Authorities in Mexico have barred a massive shipment of glyphosate from entering the country, citing serious health and environmental concerns.
Last Monday, Mexico’s environmental regulator confirmed that it had denied an import permit for 1,000 tons of glyphosate intended for agricultural use. In doing so, the department asserted that “glyphosate represents a high environmental risk, given the credible presumption that its use can cause serious environmental damage and irreversible health damage.”
Among other things, the regulator cited studies suggesting glyphosate can harm honeybees and other pollinators.
Glyphosate in the active ingredient in Monsanto Roundup.
In March 2015, the World Health Organization’s International Agency for Research on Cancer (IARC), declared glyphosate a probable human carcinogen after an independent review suggested occupational exposure increased the risk of cancer, especially non-Hodgkin’s lymphoma.
Earlier this year, University of Washington researchers suggested glyphosate exposure increased the risk of non-Hodgkin’s lymphoma by as much as 41%. And in April, the U.S. Centers for Disease Control’s Agency for Toxic Substances and Disease Registry said it couldn’t rule out a cancer link and called for further investigation.
However, the U.S. Environmental Protection Agency continues to maintain that glyphosate is safe.
Bayer AG acquired Monsanto in June 2018. As a result of the acquisition, the company is now defending more than 40,000 Roundup lawsuits filed in U.S. courts that blame glyphosate for cancer.
Plaintiffs claim Monsanto intentionally concealed the association between glyphosate and non-Hodgkin’s lymphoma for years and waged an aggressive campaign to discredit the IARC review. Among other things, they assert that company personnel actually ghostwrote some of the studies that contradicted the IARC’s findings and leveraged close relationships with the EPA and other regulators to unduly influence their glyphosate reviews.
Three Monsanto Roundup lawsuits have gone to trial since Bayer completed its acquisition.
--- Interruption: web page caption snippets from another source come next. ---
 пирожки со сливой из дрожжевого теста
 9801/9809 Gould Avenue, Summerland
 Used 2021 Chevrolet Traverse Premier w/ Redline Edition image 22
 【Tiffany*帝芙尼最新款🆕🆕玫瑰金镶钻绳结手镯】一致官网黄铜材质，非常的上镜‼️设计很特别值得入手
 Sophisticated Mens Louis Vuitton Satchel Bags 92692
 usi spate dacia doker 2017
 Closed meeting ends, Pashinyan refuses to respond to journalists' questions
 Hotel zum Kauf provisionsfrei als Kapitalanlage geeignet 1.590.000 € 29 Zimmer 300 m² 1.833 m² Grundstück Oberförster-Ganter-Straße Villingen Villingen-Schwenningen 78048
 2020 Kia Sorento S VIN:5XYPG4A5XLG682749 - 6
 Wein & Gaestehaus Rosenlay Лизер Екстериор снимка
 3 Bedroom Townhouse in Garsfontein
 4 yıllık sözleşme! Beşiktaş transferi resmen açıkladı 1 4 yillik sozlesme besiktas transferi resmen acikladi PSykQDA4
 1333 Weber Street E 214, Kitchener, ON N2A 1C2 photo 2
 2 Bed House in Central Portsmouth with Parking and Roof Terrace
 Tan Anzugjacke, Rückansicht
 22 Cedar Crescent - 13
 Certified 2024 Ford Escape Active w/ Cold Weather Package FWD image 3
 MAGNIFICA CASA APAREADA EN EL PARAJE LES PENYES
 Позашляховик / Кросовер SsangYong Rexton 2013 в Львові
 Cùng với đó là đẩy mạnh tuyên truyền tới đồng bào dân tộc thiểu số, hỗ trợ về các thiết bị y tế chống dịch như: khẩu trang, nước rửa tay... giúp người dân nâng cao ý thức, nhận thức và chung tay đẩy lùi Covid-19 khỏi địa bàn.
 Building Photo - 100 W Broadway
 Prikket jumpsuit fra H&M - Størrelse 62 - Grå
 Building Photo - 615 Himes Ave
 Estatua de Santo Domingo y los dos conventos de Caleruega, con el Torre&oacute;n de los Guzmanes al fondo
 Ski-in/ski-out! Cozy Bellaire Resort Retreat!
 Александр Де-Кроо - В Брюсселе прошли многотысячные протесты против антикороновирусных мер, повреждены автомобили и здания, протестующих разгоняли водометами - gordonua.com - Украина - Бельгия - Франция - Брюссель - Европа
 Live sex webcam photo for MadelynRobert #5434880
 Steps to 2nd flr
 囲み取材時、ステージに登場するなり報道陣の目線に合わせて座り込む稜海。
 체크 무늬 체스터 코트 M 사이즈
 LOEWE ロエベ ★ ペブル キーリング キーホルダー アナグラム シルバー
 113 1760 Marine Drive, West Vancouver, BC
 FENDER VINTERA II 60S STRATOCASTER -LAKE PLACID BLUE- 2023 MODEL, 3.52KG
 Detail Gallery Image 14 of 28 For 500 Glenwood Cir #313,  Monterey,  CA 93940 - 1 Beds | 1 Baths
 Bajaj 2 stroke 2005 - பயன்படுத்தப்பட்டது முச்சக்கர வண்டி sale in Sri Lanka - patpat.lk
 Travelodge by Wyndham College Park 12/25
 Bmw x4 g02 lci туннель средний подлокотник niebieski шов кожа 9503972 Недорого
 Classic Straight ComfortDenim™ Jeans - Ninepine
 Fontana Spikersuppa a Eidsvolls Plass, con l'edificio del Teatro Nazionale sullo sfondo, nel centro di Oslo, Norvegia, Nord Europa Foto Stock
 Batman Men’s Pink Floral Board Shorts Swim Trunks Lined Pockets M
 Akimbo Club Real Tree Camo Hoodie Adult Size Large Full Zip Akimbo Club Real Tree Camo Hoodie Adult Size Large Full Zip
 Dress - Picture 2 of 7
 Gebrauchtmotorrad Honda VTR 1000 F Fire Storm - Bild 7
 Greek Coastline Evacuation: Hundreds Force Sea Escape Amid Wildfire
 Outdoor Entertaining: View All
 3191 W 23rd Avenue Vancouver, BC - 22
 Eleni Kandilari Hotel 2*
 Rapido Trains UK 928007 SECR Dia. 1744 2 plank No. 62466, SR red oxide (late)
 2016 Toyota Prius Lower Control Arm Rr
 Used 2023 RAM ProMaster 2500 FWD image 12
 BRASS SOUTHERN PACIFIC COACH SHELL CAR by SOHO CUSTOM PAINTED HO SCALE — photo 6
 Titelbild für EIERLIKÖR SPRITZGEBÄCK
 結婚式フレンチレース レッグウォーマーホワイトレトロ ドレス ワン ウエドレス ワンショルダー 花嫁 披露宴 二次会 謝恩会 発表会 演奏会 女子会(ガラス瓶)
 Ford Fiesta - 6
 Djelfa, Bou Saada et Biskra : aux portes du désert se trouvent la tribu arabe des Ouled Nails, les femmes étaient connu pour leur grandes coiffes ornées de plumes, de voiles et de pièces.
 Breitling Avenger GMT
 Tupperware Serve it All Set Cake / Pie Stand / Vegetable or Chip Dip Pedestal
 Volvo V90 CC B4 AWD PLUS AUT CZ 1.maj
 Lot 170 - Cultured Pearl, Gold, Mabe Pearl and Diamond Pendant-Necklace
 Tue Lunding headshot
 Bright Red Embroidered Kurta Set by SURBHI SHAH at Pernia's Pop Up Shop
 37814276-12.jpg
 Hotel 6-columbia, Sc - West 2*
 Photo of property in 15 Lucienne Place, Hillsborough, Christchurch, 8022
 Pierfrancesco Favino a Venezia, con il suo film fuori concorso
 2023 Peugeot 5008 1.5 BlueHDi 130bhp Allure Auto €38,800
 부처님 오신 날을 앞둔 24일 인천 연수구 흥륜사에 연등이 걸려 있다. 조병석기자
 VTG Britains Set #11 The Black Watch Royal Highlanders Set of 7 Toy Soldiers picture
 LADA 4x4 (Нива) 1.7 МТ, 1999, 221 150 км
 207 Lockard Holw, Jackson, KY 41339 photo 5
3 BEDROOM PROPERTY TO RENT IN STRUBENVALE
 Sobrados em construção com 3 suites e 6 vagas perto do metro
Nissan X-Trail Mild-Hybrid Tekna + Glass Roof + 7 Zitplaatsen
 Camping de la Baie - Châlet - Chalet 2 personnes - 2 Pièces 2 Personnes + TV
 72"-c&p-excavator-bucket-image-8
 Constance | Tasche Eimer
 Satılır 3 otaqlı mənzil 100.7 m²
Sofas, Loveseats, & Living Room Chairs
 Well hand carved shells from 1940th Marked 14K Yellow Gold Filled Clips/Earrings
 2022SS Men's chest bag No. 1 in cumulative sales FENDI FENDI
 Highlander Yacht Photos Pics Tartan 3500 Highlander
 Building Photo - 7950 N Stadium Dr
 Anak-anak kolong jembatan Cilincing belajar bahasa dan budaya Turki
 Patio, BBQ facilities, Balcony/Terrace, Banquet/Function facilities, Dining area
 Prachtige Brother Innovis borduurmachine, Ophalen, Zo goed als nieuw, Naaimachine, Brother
So far, every jury has ruled in favor of plaintiffs, awarding verdicts that ranged from $80 million to $2 billion.
Bayer is now participating in a court ordered mediation effort aimed at resolving the massive litigation, which is being led by Kenneth Feinberg, the prominent attorney behind the 9/11 Victims Compensation Fund and other high-profile legal settlements.
In an interview with WirtschaftsWoche last Month, Feinberg reported that the talks were progressing “slowly, but steadily, and indicated the parties are currently working to clarify all justified claims alleging glyphosate caused cancer.